Look at their income and cash flow statements. In 2009, Apple spent less than 15% of their gross profit on research and development. More went to general/administrative expenses. Left over was billions of free cash flow, and it was used to buy short-term cash-equivalent securities with a terrible rate of return.
I think a problem is that a lot of tech companies, and perhaps a lot of investors, look at dividends as an “either/or”. You either grow, or you pay a dividend, but not both. But that’s a myth. Many successful companies (and Apple would be near the top of the list) generate a tremendous amount of cash; FAR more than they need to reinvest. Some companies waste it. Apple just lets it accumulate on the balance sheet (which admittedly is better than wasting it). This represents cash that is not driving Apple’s growth. It’s in addition to Apple’s growth. Apple could have exactly the same growth rate by doing exactly the same things they’re doing now, while also paying a dividend.
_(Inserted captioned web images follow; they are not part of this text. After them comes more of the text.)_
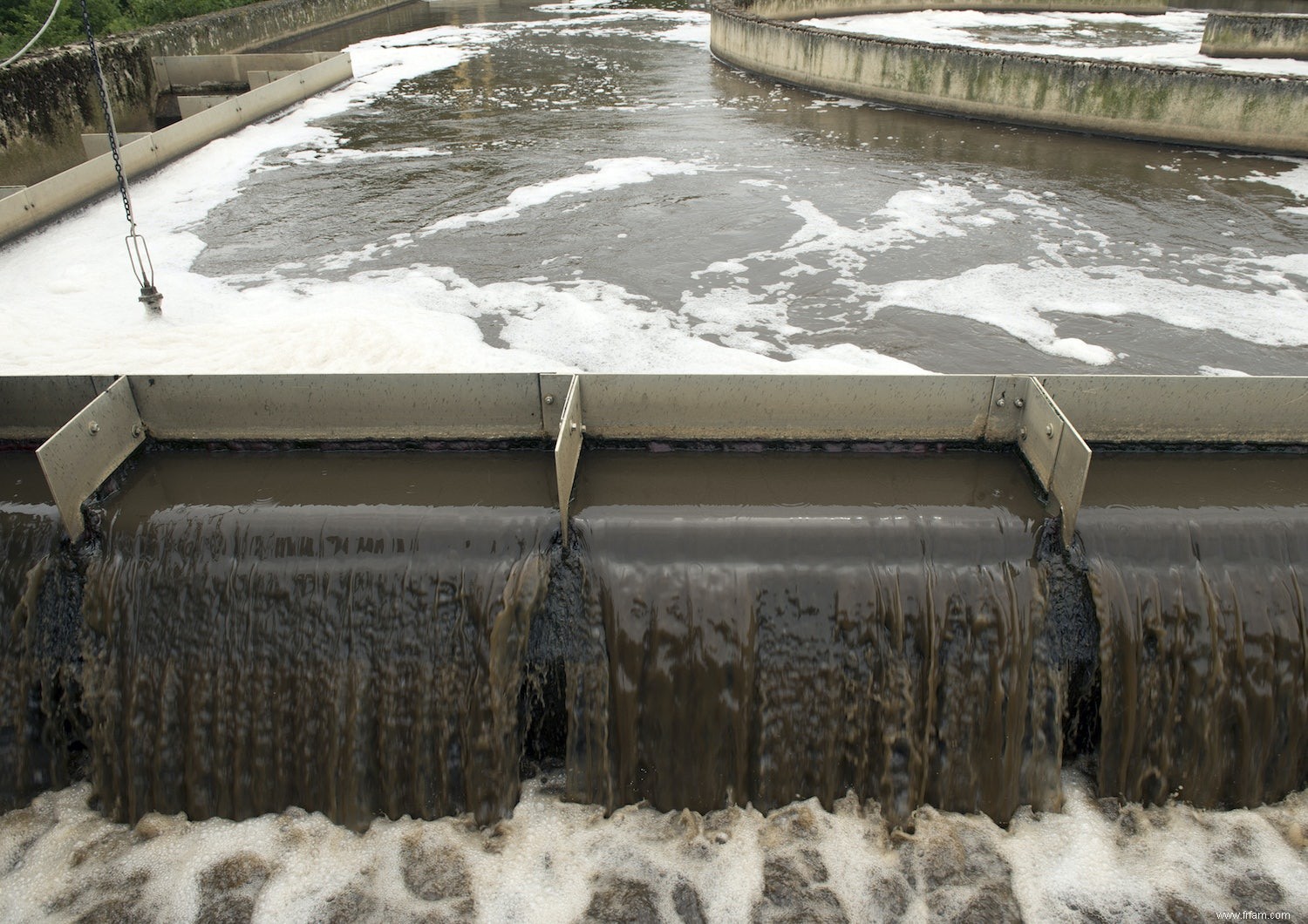 Nos eaux usées contiennent des trésors cachés. Comment le sortez-vous? 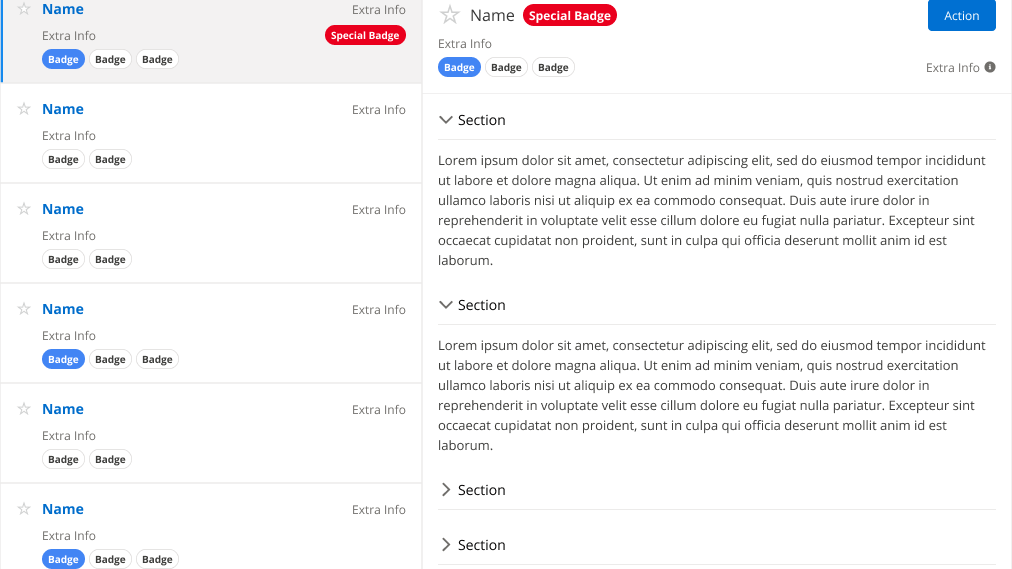 Salesforce record example with Name and Special badges and custom sections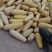 甘肃沙漠金皮西葫芦一手货源优选精品量大从优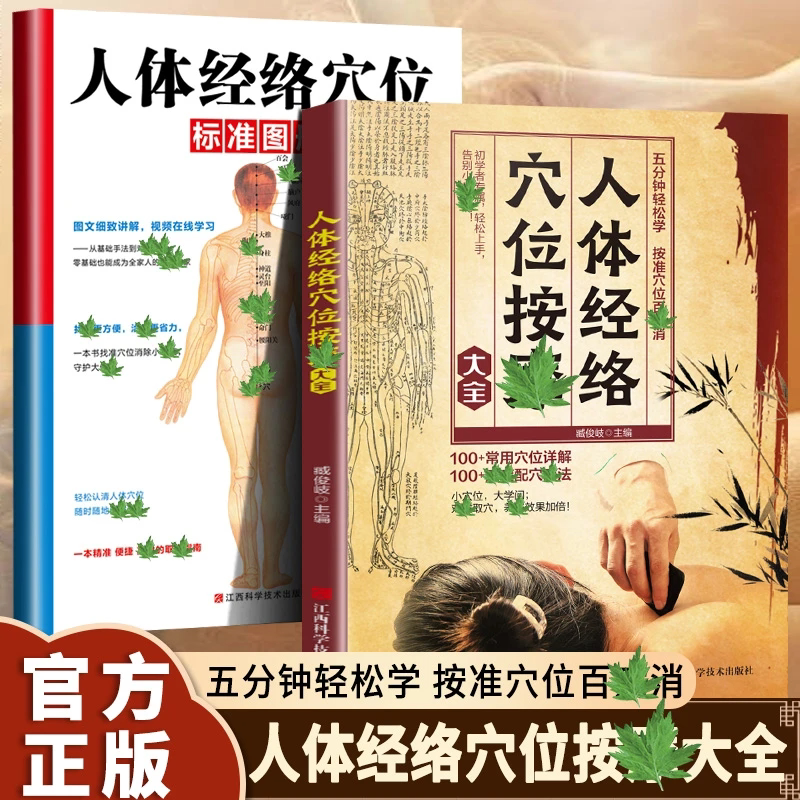人体经络穴位按摩大全人体经络穴位标准图册正版书籍准确找经络穴位按摩家庭实用养生图解手法推拿按摩手册人体经络穴位图解书籍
By the way, I appreciate the discussion. I’m interested to see opinions, especially from people passionate about investing and personal finance, and/or from Apple shareholders.
Thanks for the thoughtful response, Matt. What do you suppose Apple has in mind for its $24 billion? Remember, Steve thinks big :-)
If only I could read the mind of Steve Jobs. :)
Honestly, though, I don’t think he has anything in particular in mind.
Business Week Article
“Feb. 25 (Bloomberg) — Apple Inc. Chief Executive Officer Steve Jobs said he prefers holding on to the company’s cash hoard for potential acquisitions and “bold” investments, rather than paying dividends or buying back stock.”
“We know if we need to acquire something — a piece of the puzzle to make something big and bold — we can write a check for it and not borrow a lot of money and put our whole company at risk,” Jobs said today at Apple’s shareholder meeting. “The cash in the bank gives us tremendous security and flexibility.”
He’s just playing it safe. I agree that Apple would do well to keep an exceptionally strong balance sheet, but $25 billion in cash is pushing it. It’ll be interesting to see if he ever puts that money to good use in the next year or so, but over the past several years, he’s just been letting it accumulate.
Khaleef @ KNS Financial
I believe that they are on the lookout for a couple of large acquisitions (purely my speculation). I honestly would be a little upset to own a company with about $25 billion in cash just sitting there, rather than increasing shareholder value through buybacks and dividends!